Rather than simply hold the page locked over the page_mkwrite call, we
call page_mkwrite with the page unlocked and allow callers to return with
it locked, so filesystems can avoid LOR conditions with page lock.
The problem with the current scheme is this: a filesystem that wants to
associate some metadata with a page as long as the page is dirty, will
perform this manipulation in its ->page_mkwrite. It currently then must
return with the page unlocked and may not hold any other locks (according
to existing page_mkwrite convention).
In this window, the VM could write out the page, clearing page-dirty. The
filesystem has no good way to detect that a dirty pte is about to be
attached, so it will happily write out the page, at which point, the
filesystem may manipulate the metadata to reflect that the page is no
longer dirty.
It is not always possible to perform the required metadata manipulation in
->set_page_dirty, because that function cannot block or fail. The
filesystem may need to allocate some data structure, for example.

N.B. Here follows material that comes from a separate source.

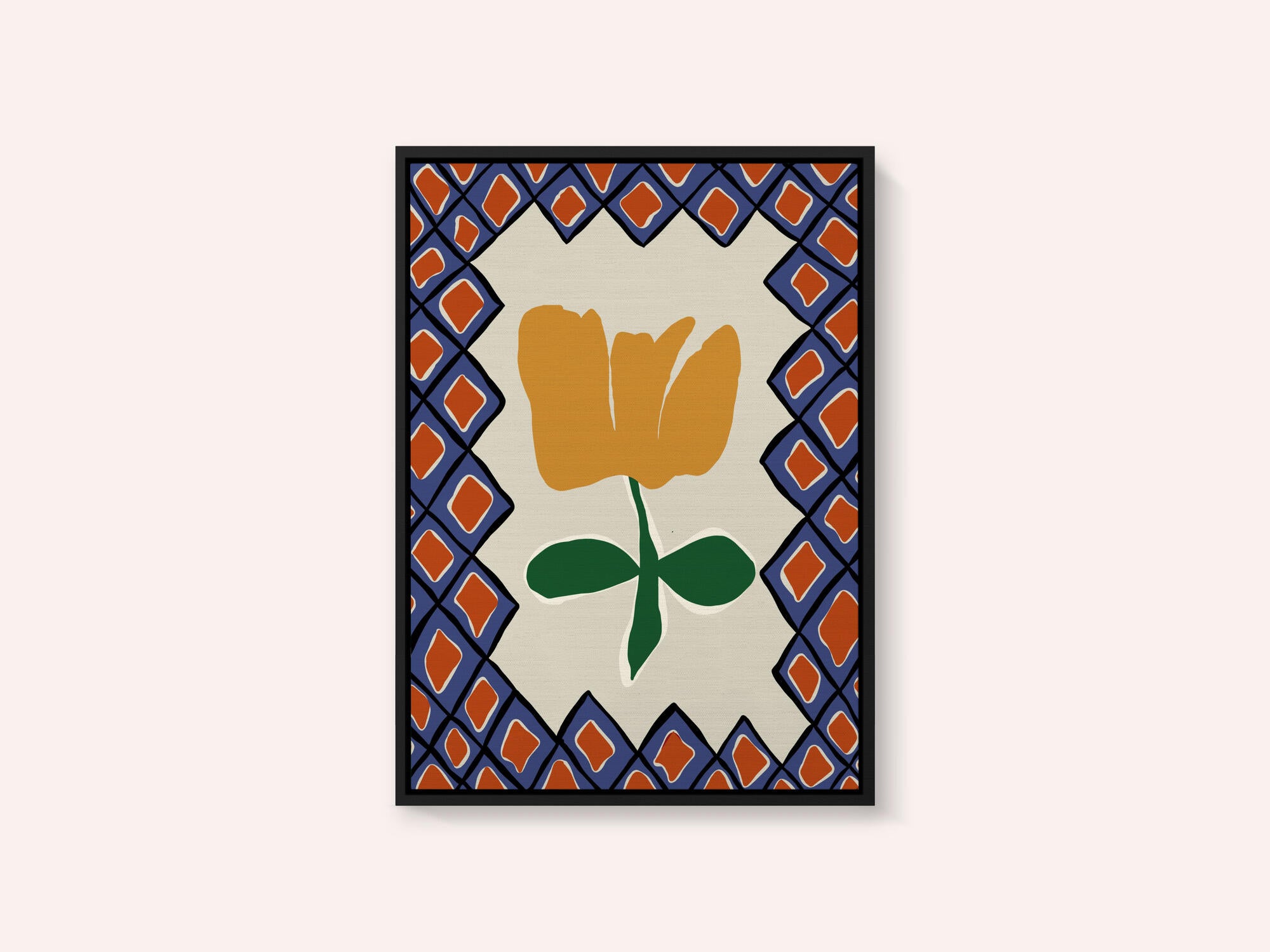 Petal plaid playtime II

And the VM cannot mark the pte dirty before page_mkwrite, because
page_mkwrite is allowed to fail, so we must not allow any window where the
page could be written to if page_mkwrite does fail.
This solution of holding the page locked over the 3 critical operations
(page_mkwrite, setting the pte dirty, and finally setting the page dirty)
closes out races nicely, preventing page cleaning for writeout being
initiated in that window. This provides the filesystem with a strong
synchronisation against the VM here.
Created attachment 21236 [details]
NFS: Close page_mkwrite() races
Follow up to Nick Piggin's patches to ensure that nfs_vm_page_mkwrite
returns with the page lock held, and sets the VM_FAULT_LOCKED flag.
Marking this bug as CLOSED. Please reopen if the problem reoccurs. |